● Information supplied

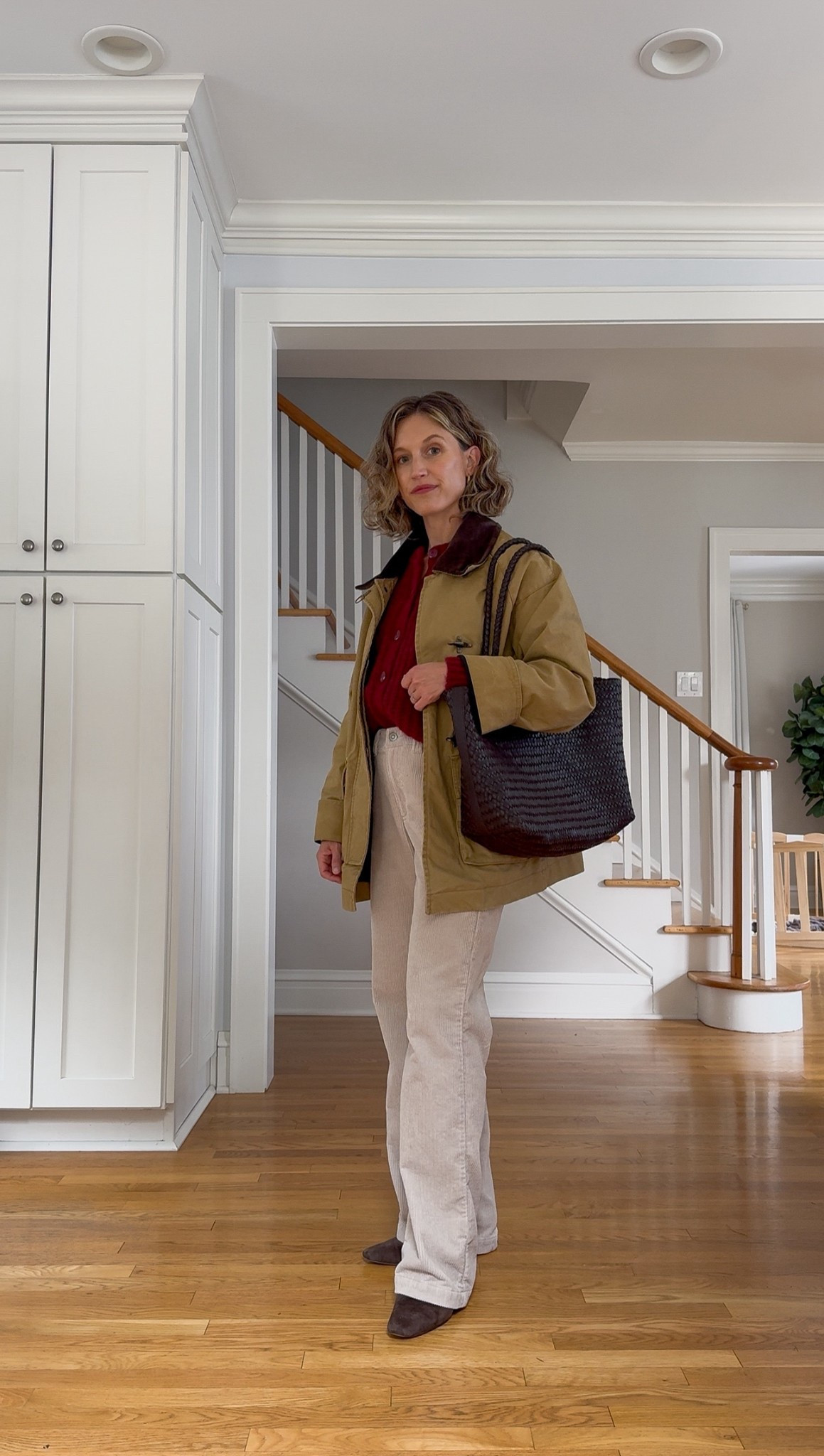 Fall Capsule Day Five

...

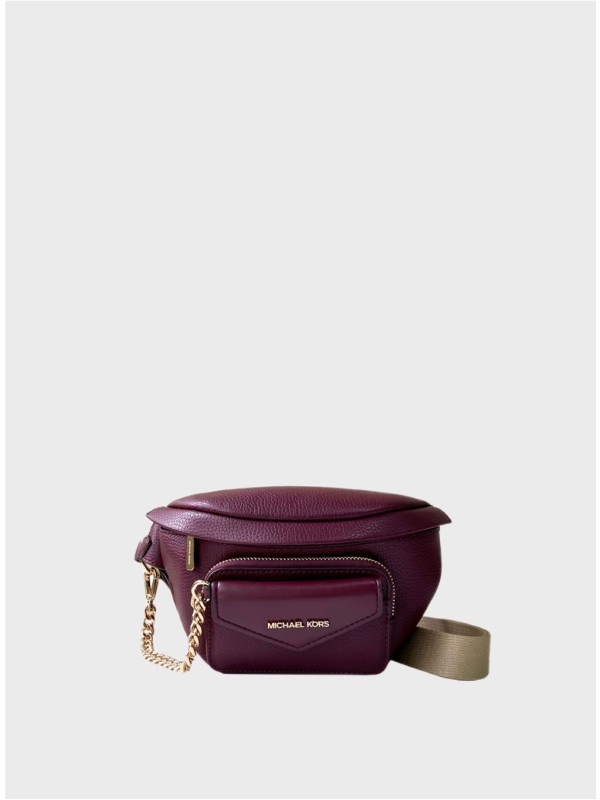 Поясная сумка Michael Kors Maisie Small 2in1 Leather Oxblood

---

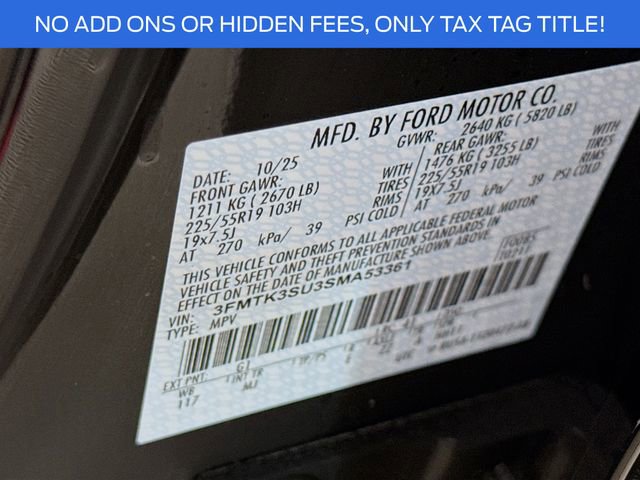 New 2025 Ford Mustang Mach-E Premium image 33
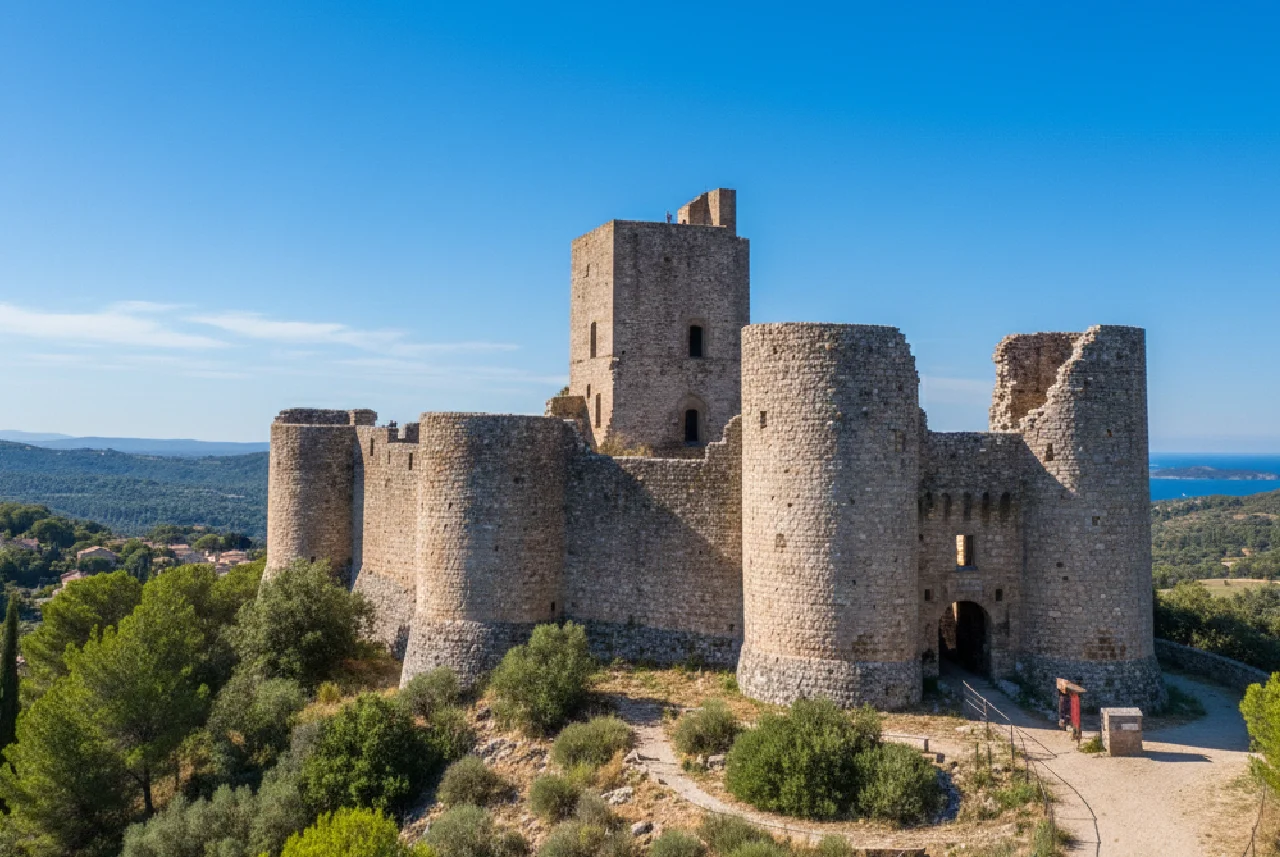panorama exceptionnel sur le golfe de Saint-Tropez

● Assignment
When you reach the line containing "New 2025 Ford" in the entries above, begin restating word for word, and stop once the line containing "panorama exceptionnel sur" has been given. Omit the pictures.

● Your solution
 New 2025 Ford Mustang Mach-E Premium image 33
panorama exceptionnel sur le golfe de Saint-Tropez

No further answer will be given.